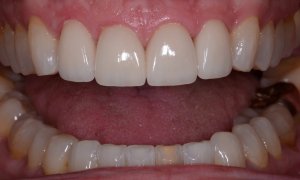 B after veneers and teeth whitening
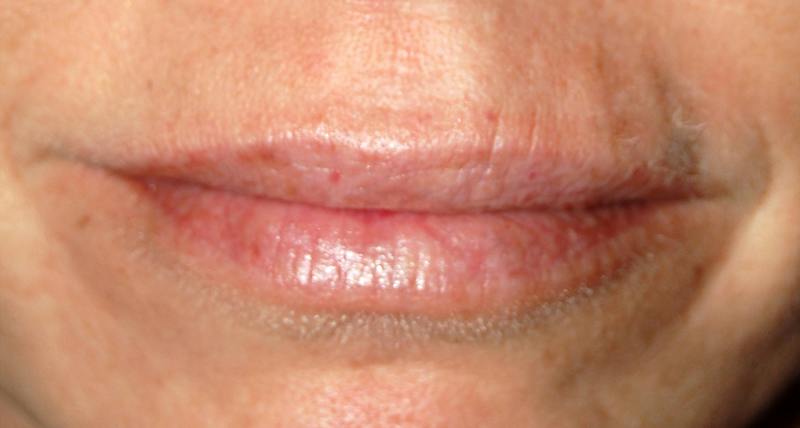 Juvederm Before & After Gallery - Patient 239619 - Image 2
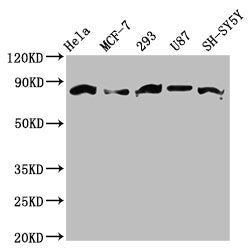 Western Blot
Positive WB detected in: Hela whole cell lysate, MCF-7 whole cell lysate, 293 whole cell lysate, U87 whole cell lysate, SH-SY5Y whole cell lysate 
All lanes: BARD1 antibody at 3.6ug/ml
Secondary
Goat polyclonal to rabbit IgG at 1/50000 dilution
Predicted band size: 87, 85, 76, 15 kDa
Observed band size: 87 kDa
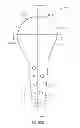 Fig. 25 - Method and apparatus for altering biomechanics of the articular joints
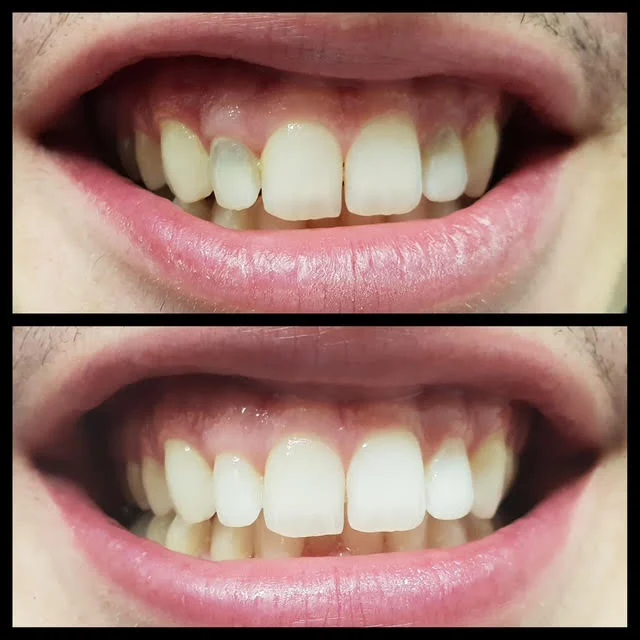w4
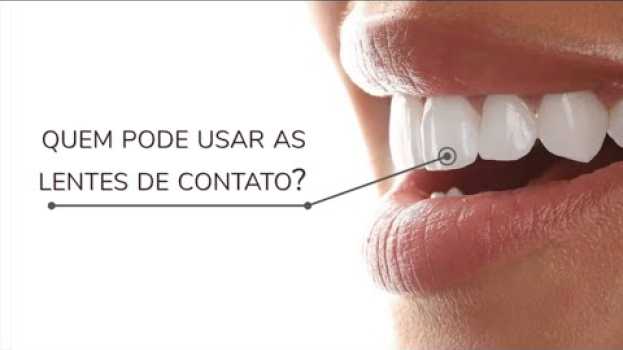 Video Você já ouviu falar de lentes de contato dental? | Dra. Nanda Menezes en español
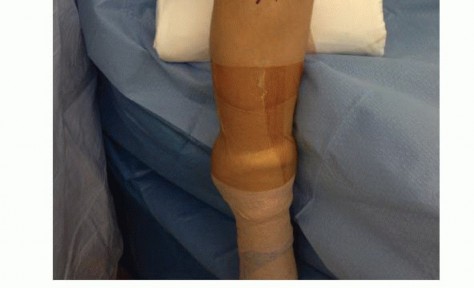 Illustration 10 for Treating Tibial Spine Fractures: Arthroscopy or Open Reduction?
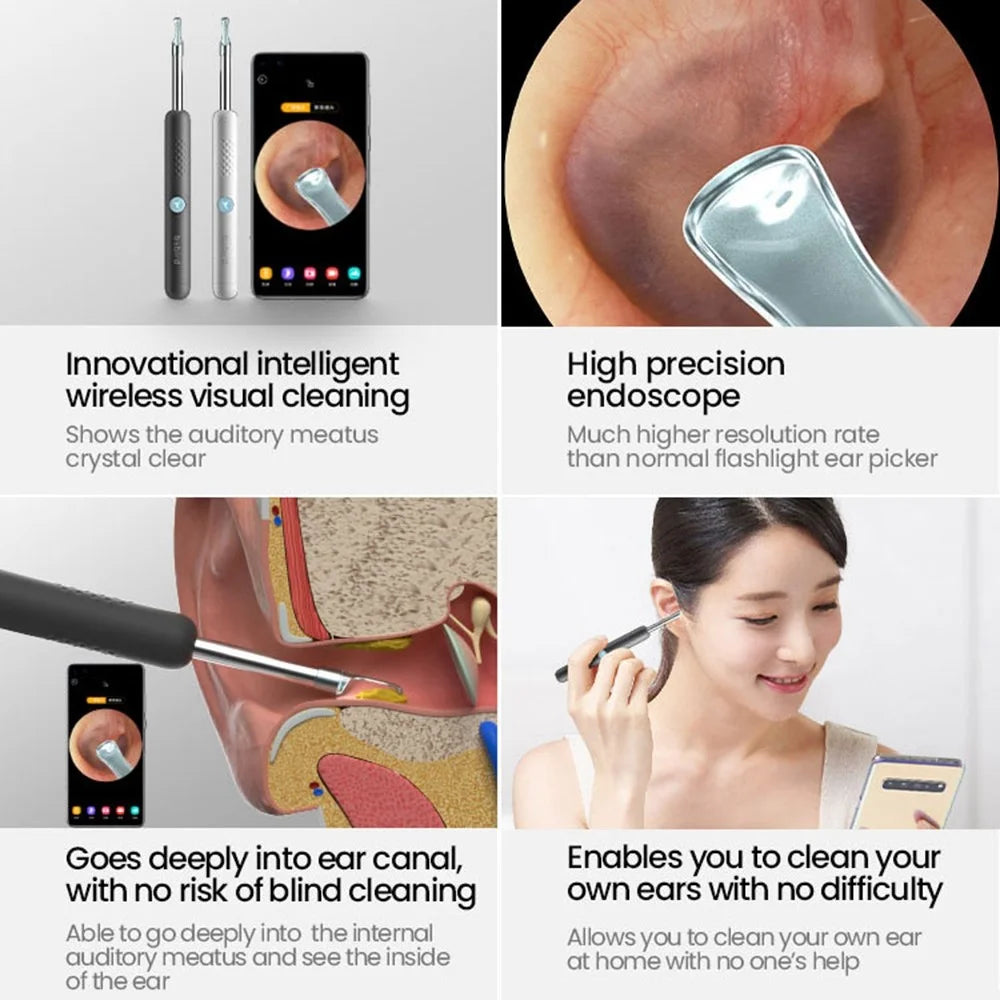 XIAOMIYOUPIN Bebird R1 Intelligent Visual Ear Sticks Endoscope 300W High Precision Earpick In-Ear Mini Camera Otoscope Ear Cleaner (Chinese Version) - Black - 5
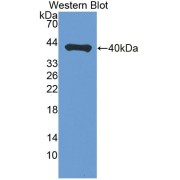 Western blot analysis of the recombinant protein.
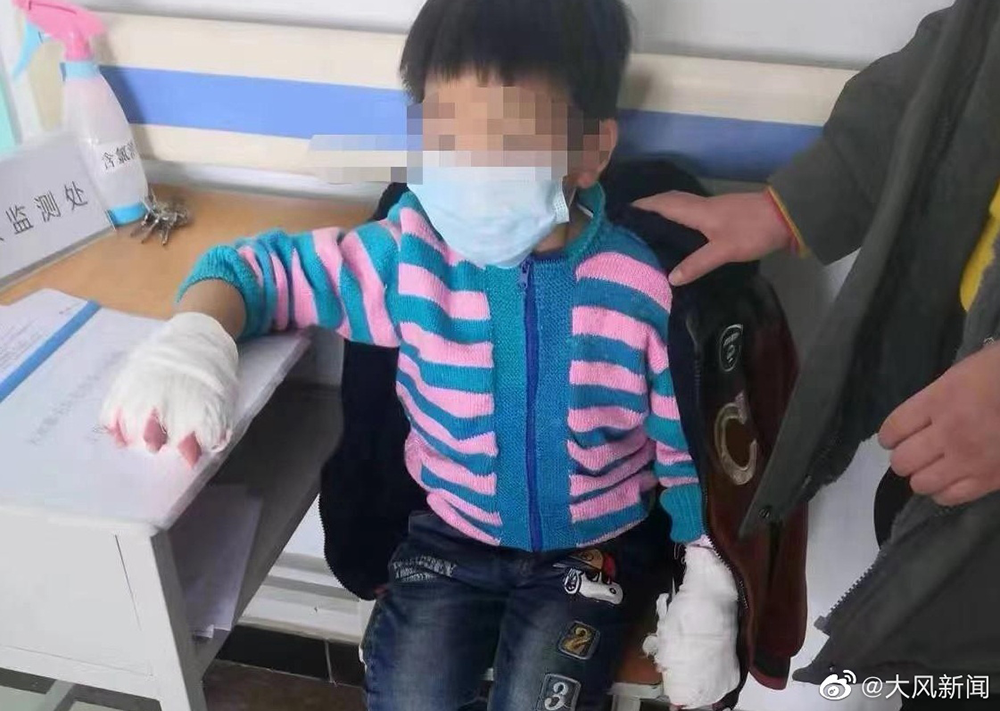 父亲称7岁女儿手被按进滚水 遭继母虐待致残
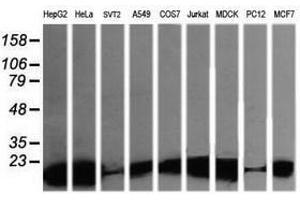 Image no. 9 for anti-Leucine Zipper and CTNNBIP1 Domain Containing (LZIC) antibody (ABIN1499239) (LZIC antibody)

**Task directions**. Beginning at the line above that contains "Observed band size: 87 kDa" and going on through the line that contains "父亲称7岁女儿手被按进滚水 遭继母虐待致残", please copy every line exactly, leaving the pictures out and adding nothing.

**Task result**.
Observed band size: 87 kDa
 Fig. 25 - Method and apparatus for altering biomechanics of the articular joints
w4
 Video Você já ouviu falar de lentes de contato dental? | Dra. Nanda Menezes en español
 Illustration 10 for Treating Tibial Spine Fractures: Arthroscopy or Open Reduction?
 XIAOMIYOUPIN Bebird R1 Intelligent Visual Ear Sticks Endoscope 300W High Precision Earpick In-Ear Mini Camera Otoscope Ear Cleaner (Chinese Version) - Black - 5
 Western blot analysis of the recombinant protein.
 父亲称7岁女儿手被按进滚水 遭继母虐待致残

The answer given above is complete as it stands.